# Assignment
The lines to be extracted begin at the line containing "Preowned iPad generation" and end at the last line of the data below; copy them exactly and leave out the pictures.

# Task data

⁂

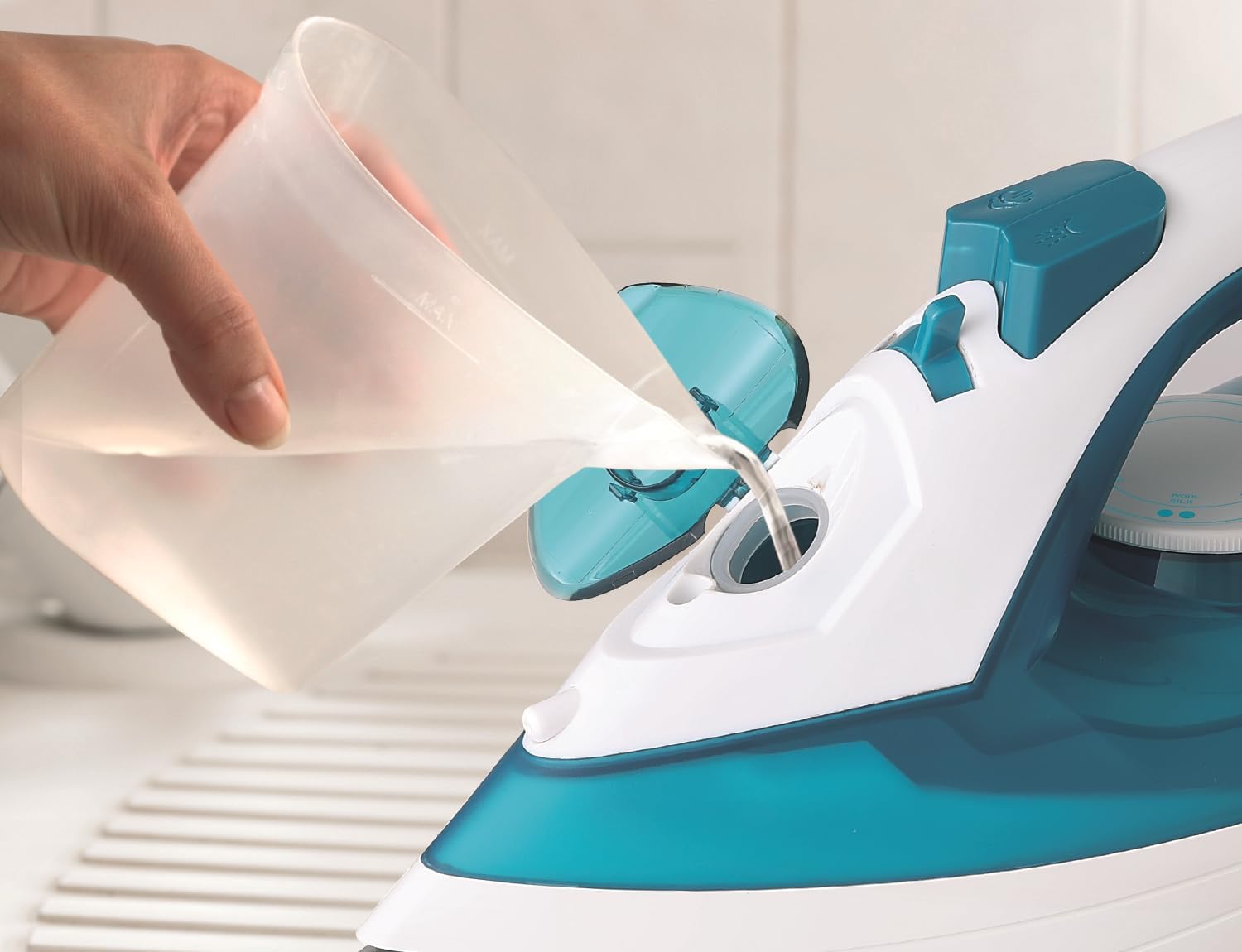 مكواة بخار X1575-B5 من Black & Decker قوة 1600 واط قاعدة سيراميك | أبيض وأخضر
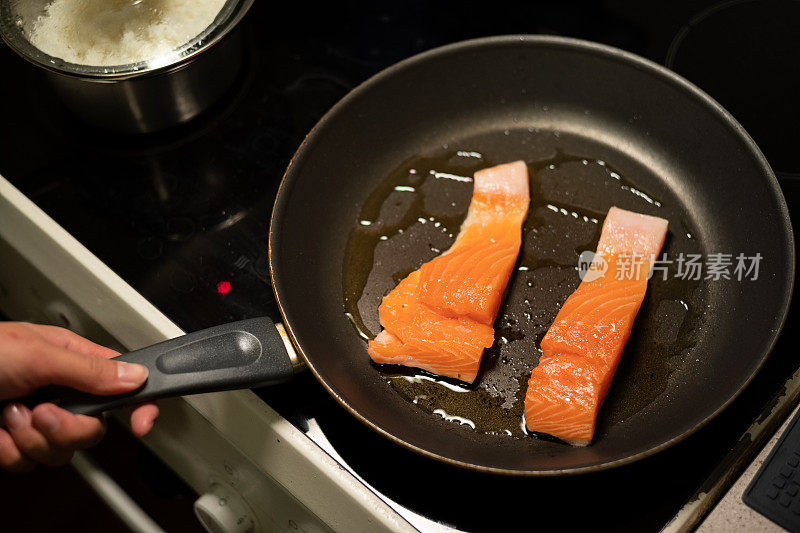 厨房用平底锅煎鲜鲑鱼片
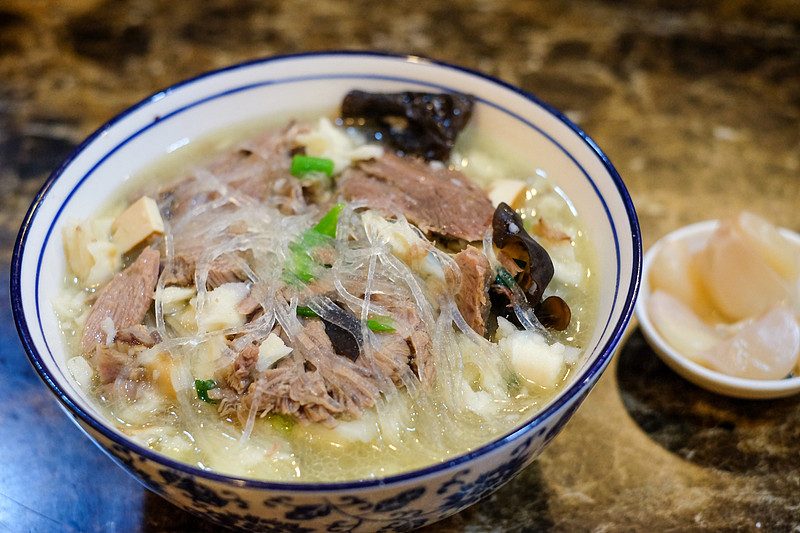 羊肉泡馍 · Yangrou Paomo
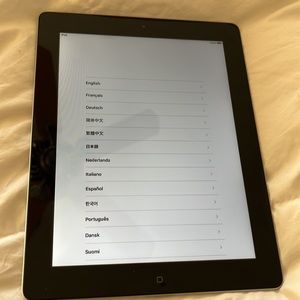 Preowned iPad generation 2 WITHOUT power cord Wi-Fi only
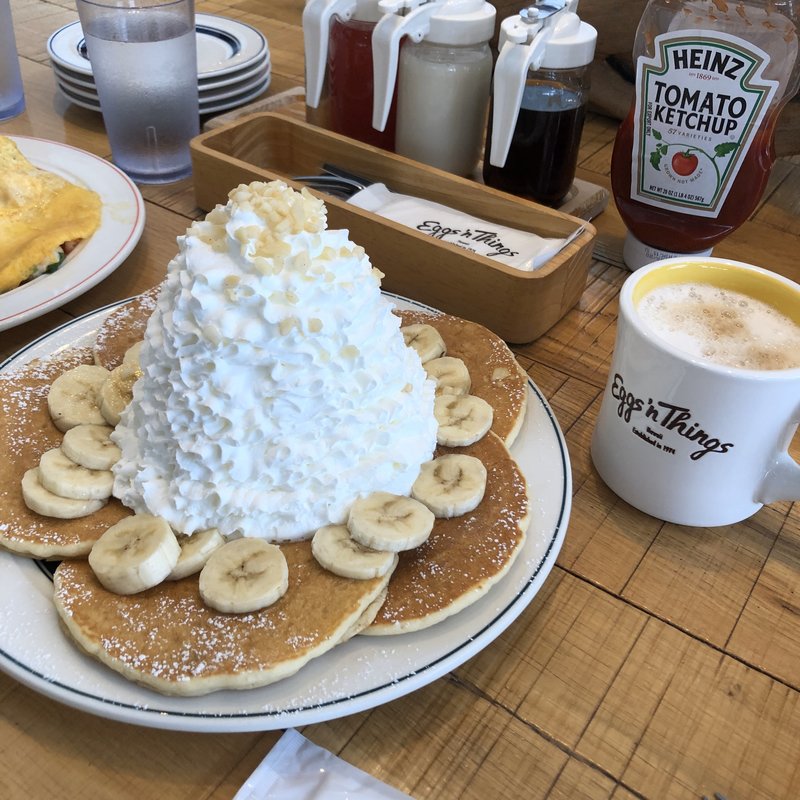 バナナ、ホイップクリームとマカダミアナッツのパンケーキ(Eggs 'n Things お台場店)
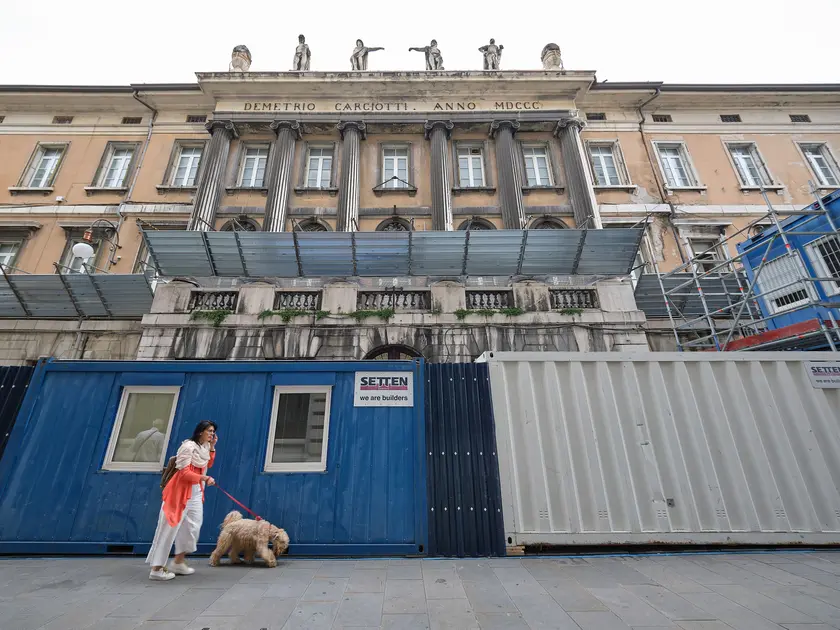 L’area del cantiere di Palazzo Carciotti, con i moduli prefabbricati tra via Cassa di Risparmio e il Canale (Silvano)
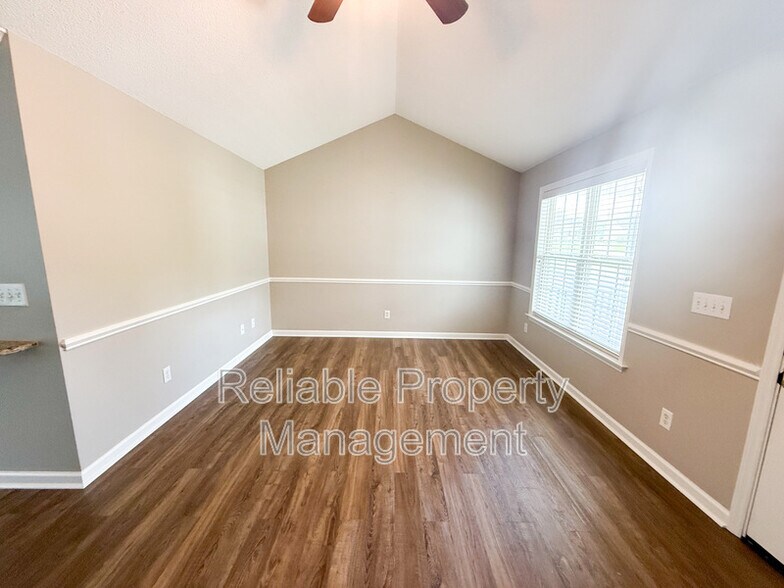 Building Photo - 805 Phillips Pointe Dr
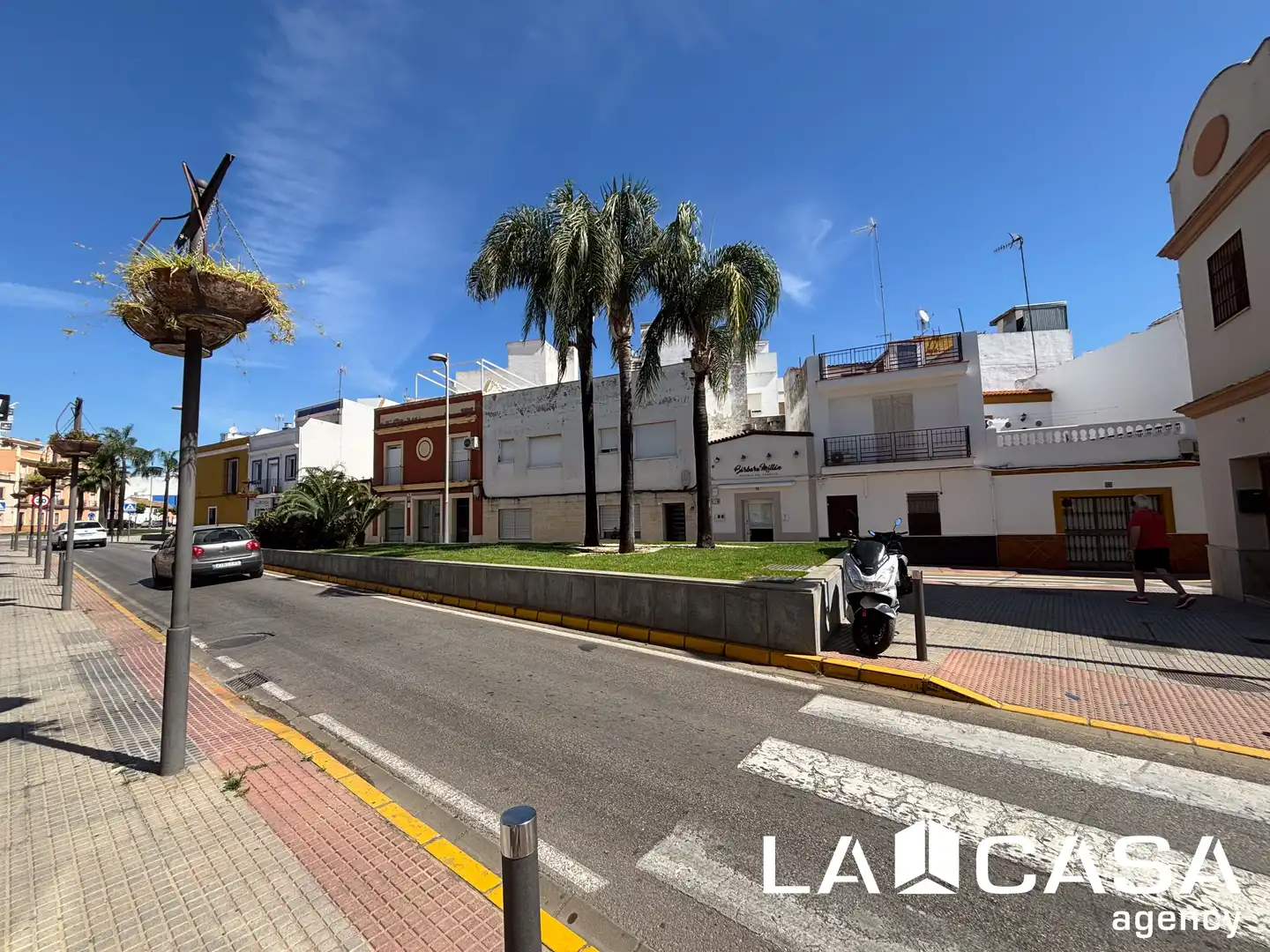 Vista exterior de Piso en venta en Dos Hermanas con Aire acondicionado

⁂

# Response area
 Preowned iPad generation 2 WITHOUT power cord Wi-Fi only
 バナナ、ホイップクリームとマカダミアナッツのパンケーキ(Eggs 'n Things お台場店)
 L’area del cantiere di Palazzo Carciotti, con i moduli prefabbricati tra via Cassa di Risparmio e il Canale (Silvano)
 Building Photo - 805 Phillips Pointe Dr
 Vista exterior de Piso en venta en Dos Hermanas con Aire acondicionado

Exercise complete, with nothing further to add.